Did you know that book covers as we know them didn’t exist before the 19th century?
As far back as the Middle Ages (1100 – 1453), books were largely religious artifacts. Paper was precious, and as with most of history, spirituality influenced so many aspects of culture. In medieval Europe, only about 10% of men and 1% of women were literate. There were no need for books in the average home, so most of these remained relics of the Church.
Don’t worry, I’m not going to go into a whole ramble about literacy and the history of books in general – that would be a really long post. I bring this up because while the Church was maintaining books, they had stunning illuminated manuscripts and treasure binding.
This image to the left is the Codex Aureus of St. Emmeram. This book dates back to the 9th century. This particular book is rare, having survived over 1000 years. For book worms looking to maintain their books forever, might I suggest inlaying the covers with precious metals and gemstones? I mean, there’s bedazzling, and there’s THIS.

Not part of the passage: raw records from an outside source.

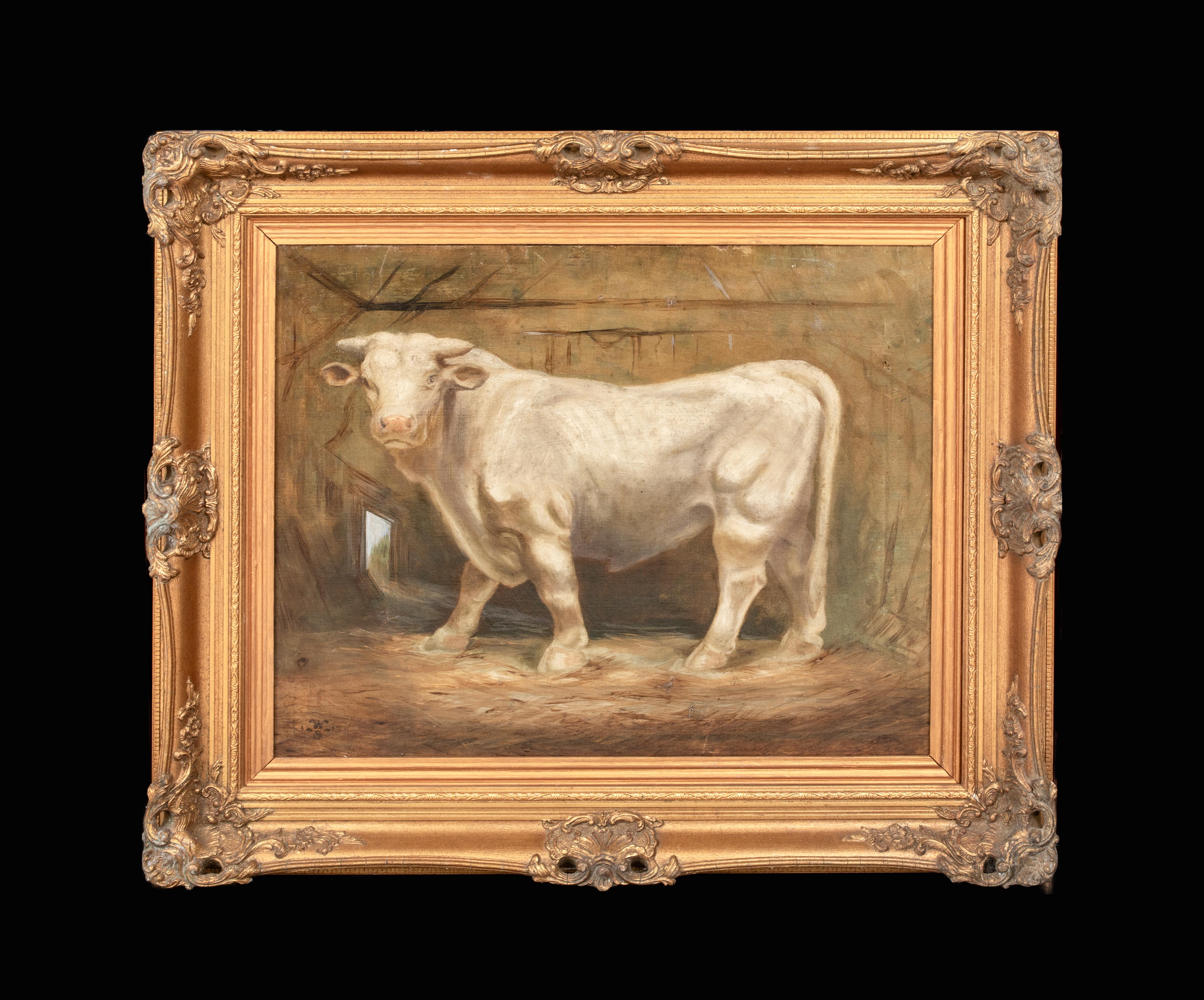 Portrait d'un taureau charolais, 19ème siècle   monogramme WS - Painting de Unknown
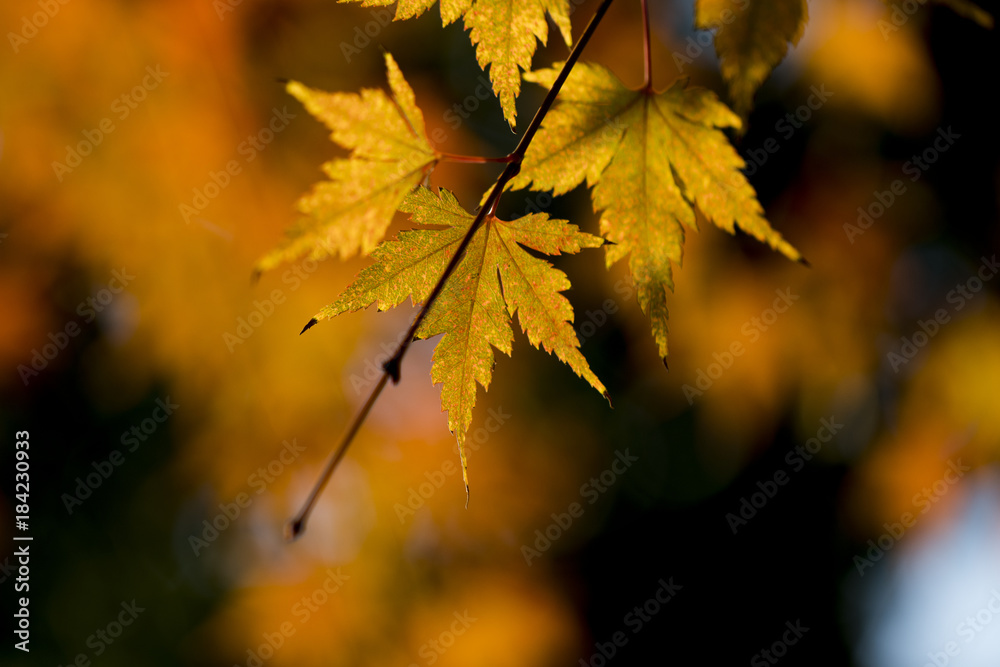 Autumn maple leaves- Autumn maple leaves-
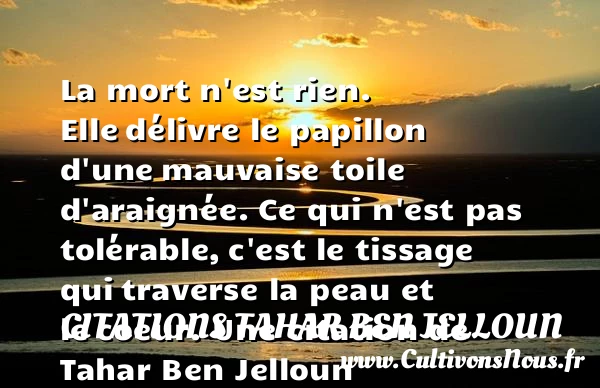 La mort n’est rien. Elle - Citations Tahar Ben Jelloun - Citation papillon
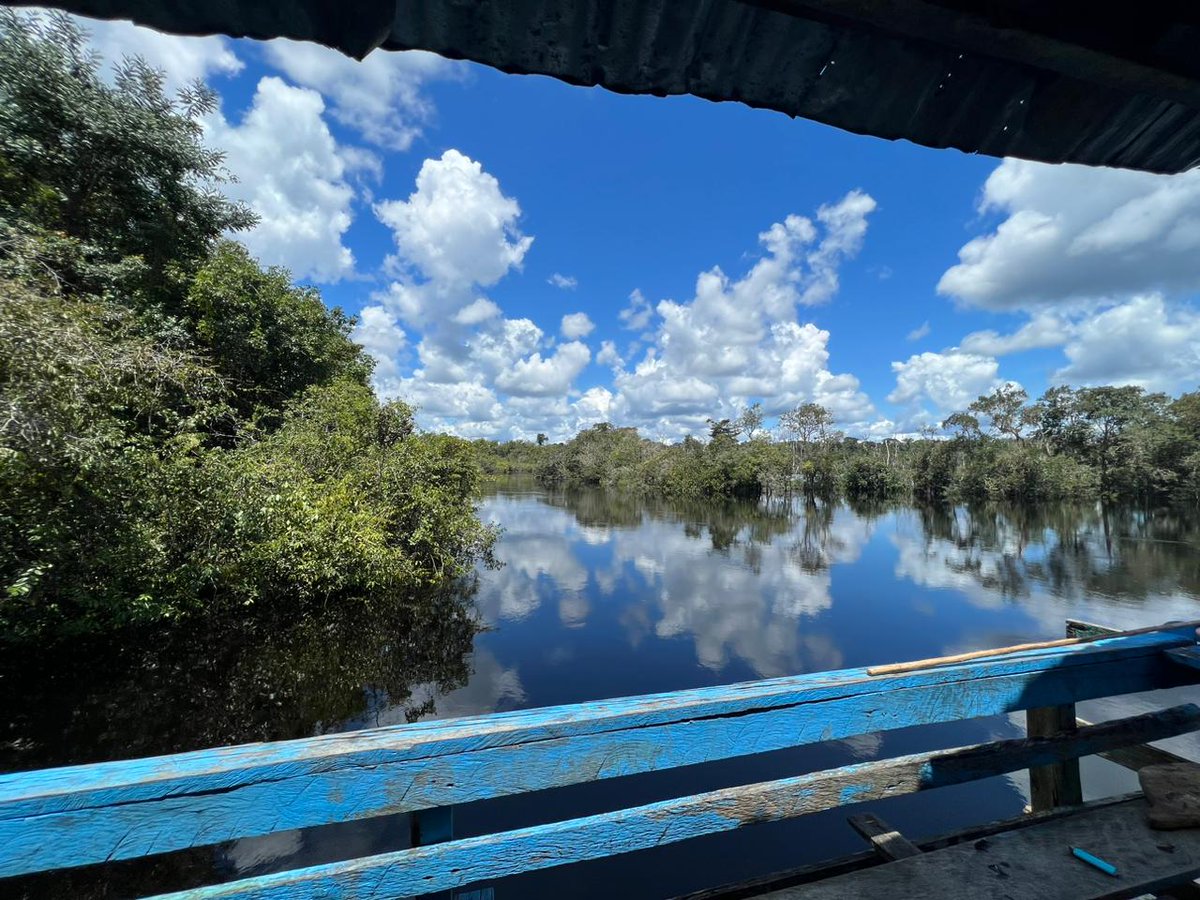 GoBalanceUK's tweet photo. In the News: Go Balance Natural Capital Credits listed as Digital Financial Assets on the Northern Trust Carbon Ecosystem — a milestone for verified #REDDplus projects and the Natural Forest Standard Registry.
Read more:🔗 https://t.co/b6EeTYiDQY

#CarbonCredits #COP30 https://t.co/DLf7qNK8BF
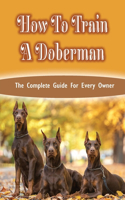 How To Train A Doberman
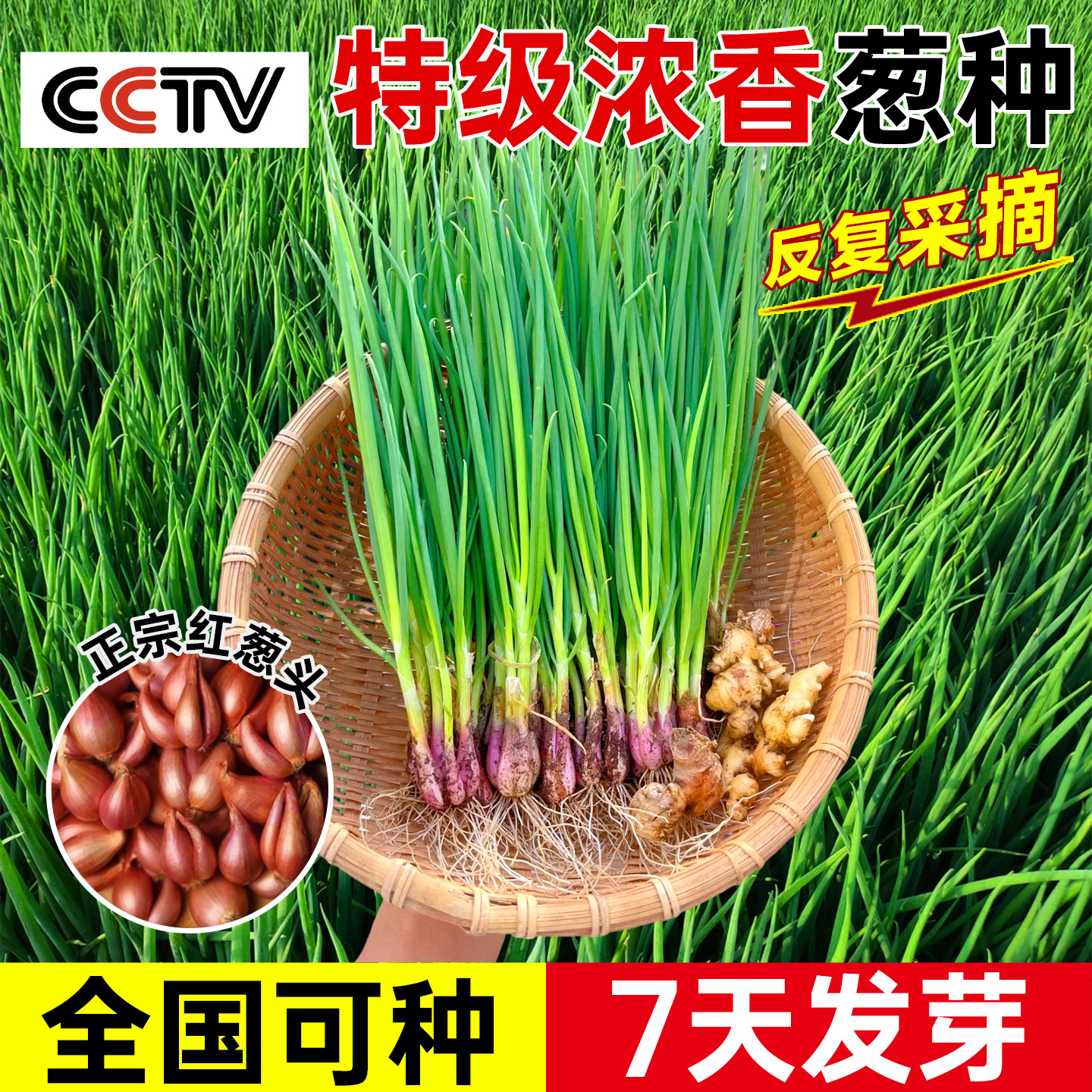 【全国可种7天发芽】特级葱种头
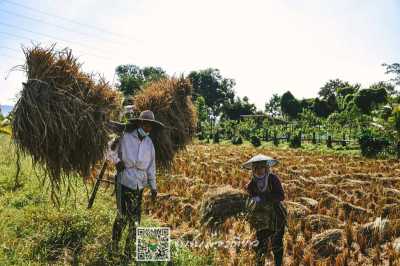 ชุมชนต้องเที่ยว  ชุมชนบ้านสันป่าเหียง  จังหวัดเชียงราย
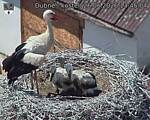 Capi_Dubne_20260626_134504.jpg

Inside this book, we find the Gospels of the Christian Bible, handwritten by monks just as the book itself is hand-bound and the cover hand-crafted. There’s a beauty to old books like this that I don’t believe we will ever see again.
Charlemagne believed there was a righteous power in the sapphire, so most of the treasure bound books from this era feature sapphires. This Codex also has emerald, diamonds, and pearls. Depending on the book, there are examples of multiple precious gems, as well as wood carvings and a variety of precious metals, although gold and silver are the most common.
Looking at these books, even though they’re technically religious artifacts, it’s amazing to see just how much the written word was valued. Those who could afford to purchase treasure binding – whether it was held in a cathedral or palace – could have easily put the money into horses, land, jewelry, or other things.
While I don’t think something like treasure binding will ever come back (I mean, it’s not like you can take the book out and read it at the cafe), this is a beautiful art form. In many ways, these manuscripts put our sharp typography and computer-drawn art to shame.
This week’s Book Blogger Hop asked:
Would you or do you choose a book solely on the cover?
Short answer: I’ve picked up a few books based on the cover alone – half the time, these are absolute misses! I like to think I’ve gotten better and actually read the summary now? That said, I have been known to order a UK version over the US version from time to time. Why are the UK covers so much prettier….
Have you been known to buy a book for its cover? Pretty covers are sorely tempting… although I don’t think I’d be tempted to buy a book with treasure binding – too heavy! Not to mention expensive.